First, China’s refusal to contribute positively to the Doha Round of international trade negotiations has all but ensured the talks’ failure. Beijing has declared that it should have no liberalization obligations whatsoever and has invented a new category of WTO membership (“recently acceded members”) to justify its recalcitrance. Such a stance by a major trading power is akin to abstention and has practically guaranteed that the Doha negotiations will go nowhere. And since the global trading system does not stay in place, but is always moving either forward or backward, a collapse of the Doha Round would be quite serious: it would represent the first failure of a major multilateral trade negotiation in the postwar period and place the entire WTO system in jeopardy. China is not the only culprit in the Doha drama, of course. The United States and the EU have been unwilling to abandon their agricultural protectionism, other important emerging economies have been unwilling to meaningfully open their markets, and several poor countries have resisted contributing to a global package of reforms. But China, with its major stake in open trade, exhibits the sharpest contrast of all the major players between its objective interests and its revealed policy.

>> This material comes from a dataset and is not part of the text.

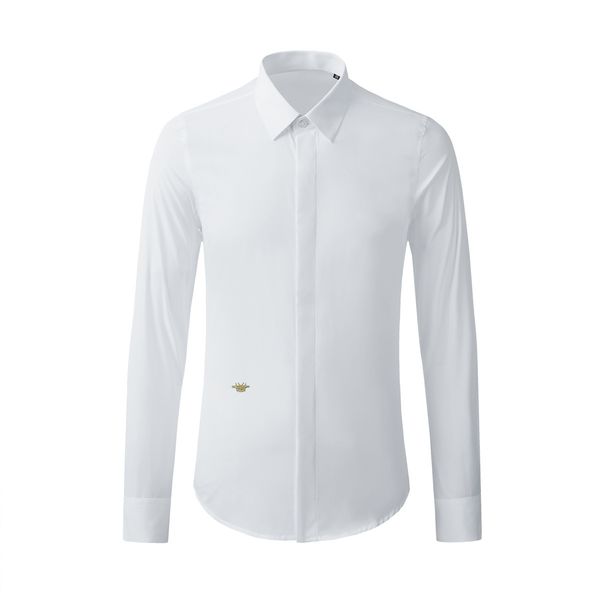 

business shirt deluxe and end pure cotton little bee embroidery men's solid color long sleeve with white background, White;black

Second, China’s pursuit of bilateral and regional trade agreements with neighboring countries is more about politics than economics. Its “free-trade agreement” with the Association of Southeast Asian Nations (ASEAN), for example, covers only a small share of its commerce with the countries in question; it is simply an effort to calm their fears of being swamped by their huge neighbor. Again, it is true that the United States and other major trading powers also factor foreign policy considerations into their selections of partners for regional and bilateral trade agreements. But they also insist on economic standards that largely conform to the WTO’s rules. China is able to escape legal application of those rules by continuing to declare itself a “developing country” and by taking advantage of “special and differential treatment.” But for a major global trading power to hide behind such loopholes provokes substantial international strains.

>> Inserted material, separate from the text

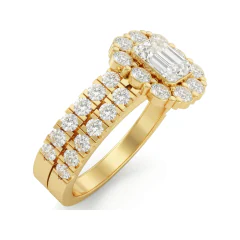 2.24 CTTW Radiant Halo Bridal Set | Flower Cluster Pave Engagement Ring in 10K Yellow Gold thumbnail 2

China is also hurting the global trading system by supporting the creation of a loose but potent Asian trading bloc. The network of regional agreements that started with one between China and ASEAN has steadily expanded to include virtually all other possible Asian permutations: parallel Japanese-ASEAN and South Korean-ASEAN deals; various bilateral partnerships, including perhaps a Chinese-Indian one; a “10 + 3” arrangement that brings together the ten ASEAN countries and all three Northeast Asian countries, and possibly even a “10 + 6” agreement that would broaden the group to include Australia, India, and New Zealand. All this activity is likely to produce, within the next decade, an East Asian free-trade area led by China.
Such a regional grouping would almost certainly trigger a sharp backlash from the United States and the EU, as well as from numerous developing countries, because of its new discrimination against them. Even more important, it would create a tripolar global economic regime — a configuration that could threaten existing global arrangements and multilateral cooperation.

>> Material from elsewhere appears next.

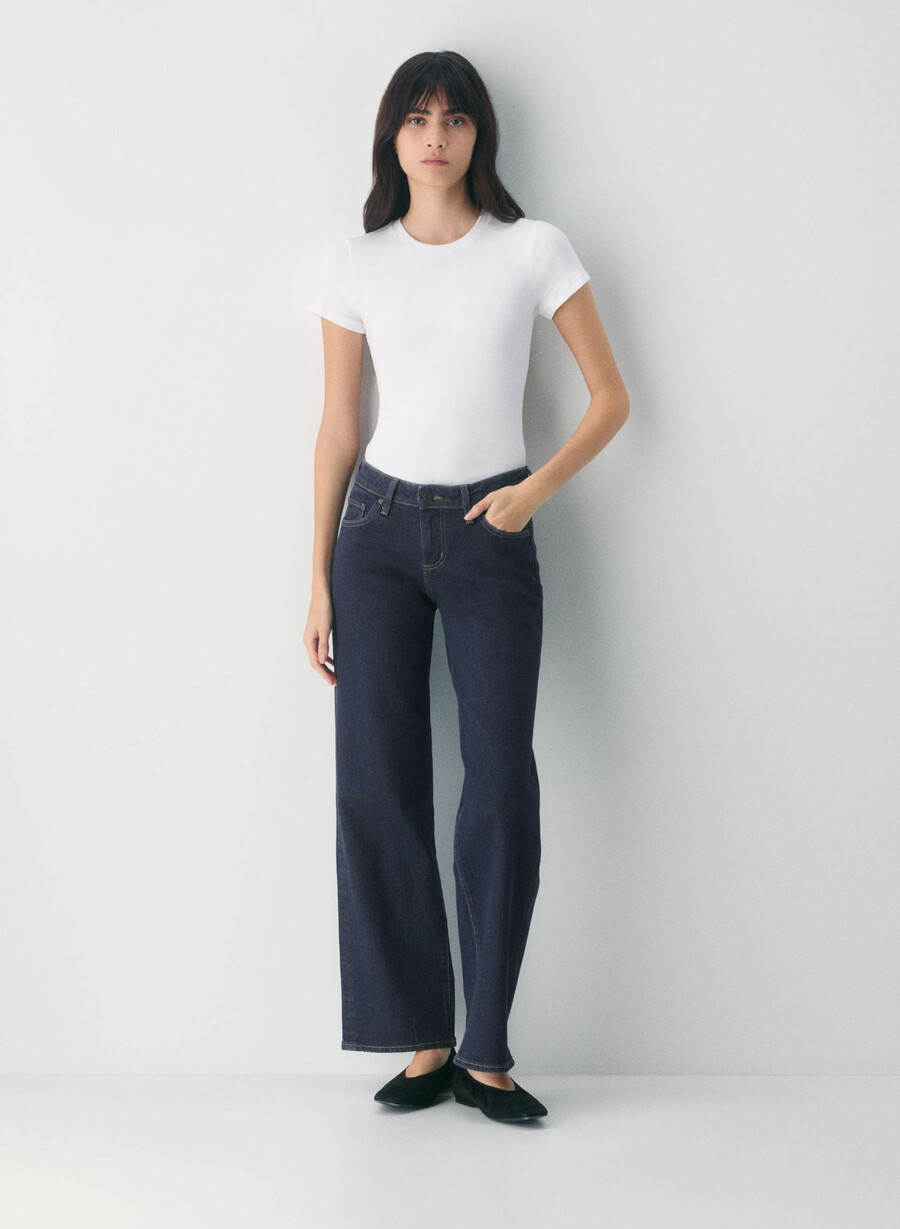 denim forum pam super low-rise wide jean no-stress mØrk blÅ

China’s challenges to the global trading system are most visible in its opposition to the U.S. proposal, launched at the Asia-Pacific Economic Cooperation forum in 2006, for a free-trade area of the Asia-Pacific. The APEC initiative, immediately endorsed by a number of those smaller member economies that fervently want to prevent trade conflict between the group’s two superpowers, seeks to head off the looming confrontation between an Asia-only trading bloc and the United States, which could draw a line down the middle of the Pacific. The initiative would eventually consolidate the many preferential pacts in the Asia-Pacific region and offer an economically meaningful Plan B for widespread trade liberalization if the Doha Round definitively fails. China has led the opposition to the idea, demonstrating its preference for bilateral deals with minimal economic content and its lack of interest in trying to defend the broader trading order.
These criticisms seem a bit unfair, as the US and EU are equally guilty of every charge. Why would a two-bloc world divided between the EU and APEC be more appealing than a three-bloc world? What has China done to hamper the agricultural negotiations at Doha, which are the real stumbling block? What US bilateral trade deal was more about economics than politics? What economic standards is China avoiding in its trade deals, when the WTO has never really disciplined a PTA?
Bergsten is identifying all the problems correctly, but I think he’s a bit strained in trying to distinguish China from the United States and Europe.